Por Alé Julián Sosa, Especial para Jornada
Creo siempre haber tenido un gesto irritante para mi interlocutor. Puedo remontarme años enteros atrás en busca de la primera ocasión en que sentí incomodar y en que luego me lo aseguraron con toda la fuerza de una censura. Hace poco, y con mis allegados, vino a ocurrirme que me reconvinieran por «citar a Unamuno». El contexto fue inapropiadísimo —el contexto para la censura, digo—, por lo que tardé algunos segundos en recomponer mi discurso y proseguir, lo que es claro que no sucedió con diligencia.
¿Han notado que suelo citar textos de la más variada índole (y no tan variada) cada algunas líneas? Pues bien, puedo yo admitir con entereza que llevo haciéndolo desde que recuerdo. Primero, fue por trémula desconfianza, por escrúpulo de aprendiz; luego, para abonar mis pareceres esmirriados, no por carecer ellos de sustento propio, sino porque yo erraba como sin sustento; pero más tarde, aproximándonos a este hoy que les entrego, lo hago por simple discurrir, que es como decir que lo hago por convivencia. Vivo con todos aquellos buenos que me han hecho llegar hasta mí, sean estos de los libros o de la falda pedestre de la calle. El motivo por el cual quizá cito más veces a los primeros es porque los segundos me han hablado con la voz del sentimiento que es una de muy difícil traducción al humano lenguaje… una que pertenece al mundo celeste, podríamos decir con un tono lírico que haría desconfiar a más de uno. Ustedes sean, por favor, quienes me dispensen el tono.
Vivimos como ahogados en falacias graves, y digo «falacias» a falta de palabras más coloquiales pero igual de precisas. A fuerza de alcanzar la frenética nave de los acontecimientos, a fuerza de llegar al hoy sin perdernos de nada vamos echando al vagón en que andamos todo un tumulto de consideraciones y doctrinas que poco o nada pasamos por el cribado de nuestra razón, incluso siendo profesionales de materias tales. Ocurre que sentimos que el suntuoso carro de la vida se nos escapa como rayo, pero no es más que el mismo acostumbrado carromato que sabe ser.

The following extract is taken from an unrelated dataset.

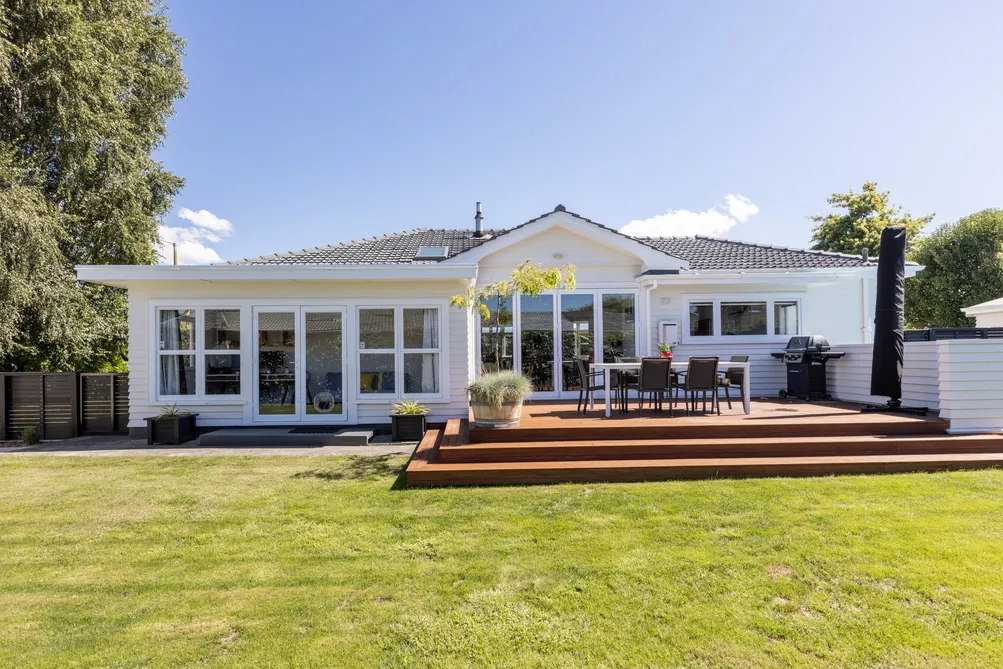 Freshly Renovated and Ready for New Owners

Veamos si les aclaro lo que acabo de decir. Suele corearse por allí algo que ha grabado como a fuego el laureado señor que fue Sartre, aquella frase biensonante —que para este servidor no es más que eso—: «Somos lo que hacemos con lo que hicieron de nosotros». Y es así, pero no es así. ¡Ya ven! La frase es como si dijéramos lo que antes les he dicho, que la vida es como un lujo vertiginoso y huidizo, pero en realidad no es más que rupestre y nuestra. Aunque en mi aserto existe un fondo de verdad mayor, por mucho que reconozca la grandeza del francés. ¿Por qué? Porque la vida tanto como la persona que vive son siempre estables y siempre novedosas. Pero aquella psicologización que nos pretende siempre ancorados en el pasado es una fija de la que debemos desfijarnos ya de una vez. El hombre no es más que una constante dirección de la que debe hacerse responsable; añadan a su condición el lastre más inescapable de su pasado y no alcanzará jamás a definirlo. Lleva razón la quizá algo oscura frase que nos enseñaron nuestros abuelos, siempre dignos de alabanzas: «Lo pasado, pisado». Sentenciosa y trágica verdad, y trágica por inatacable.
Ahora sí estamos en condiciones de resolver los tumultuosos dos párrafos anteriores, espero que la borrasca les haya resultado transitable. Les digo yo que algunos de los que más me conocen —si cabe— me achacan el ser muy yo mismo, alegando en mi contra que ciertos vicios son mora de mi presente por no haber correspondido con vaya a saber qué inexplicable herencia; porque quizá me encuentre moteado por mi padre, mi madre, mis tíos y acaso mi vedado árbol genealógico. Pero ignoran que, contra todo escepticismo, yo soy yo; que toda modulación de mi diálogo soy yo mismo acomodándome en mis proporciones, soy yo entonándome, porque soy parte del diálogo que se derrama, acaso como creían mis ascendientes griegos. Porque no veo manera de ser otra cosa y porque no veo razón para evadirme. Soy todo de la palabra cuando en la palabra me encuentro, como soy todo de Johana cuando en sus brazos me dejo.
Porque soy todo en todas partes como supieron enseñarme los poetas, y porque ser poeta es, al fin, todo lo que intento.